=== DATA SECTION ===
————

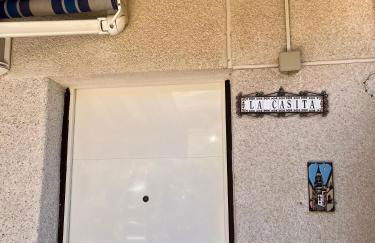 Casita Sol y Mar - Foto 6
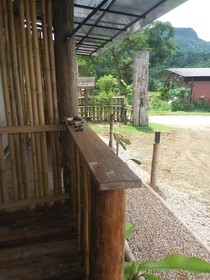 Him Doy Muang Pan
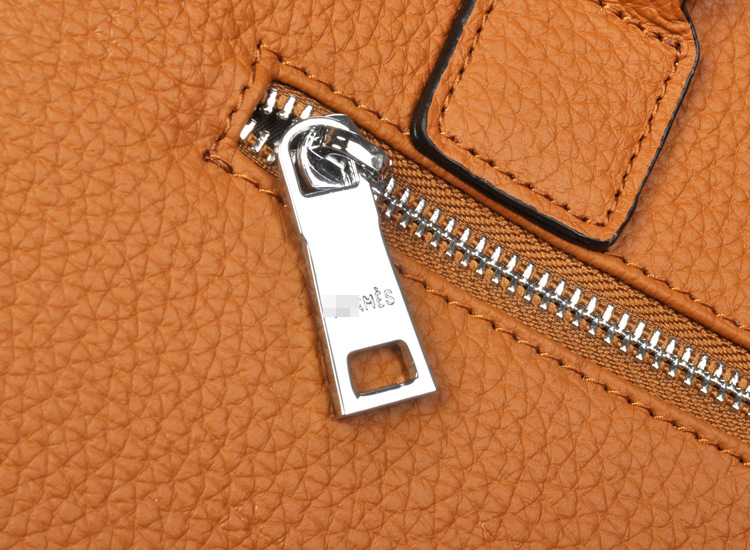 商务包-广州男士真皮包批发 奢侈名牌男士商务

————

=== ACTION ITEM ===
Output the material verbatim, skipping the images.

=== RESULT OF THE EXERCISE ===
 Casita Sol y Mar - Foto 6
 Him Doy Muang Pan
 商务包-广州男士真皮包批发 奢侈名牌男士商务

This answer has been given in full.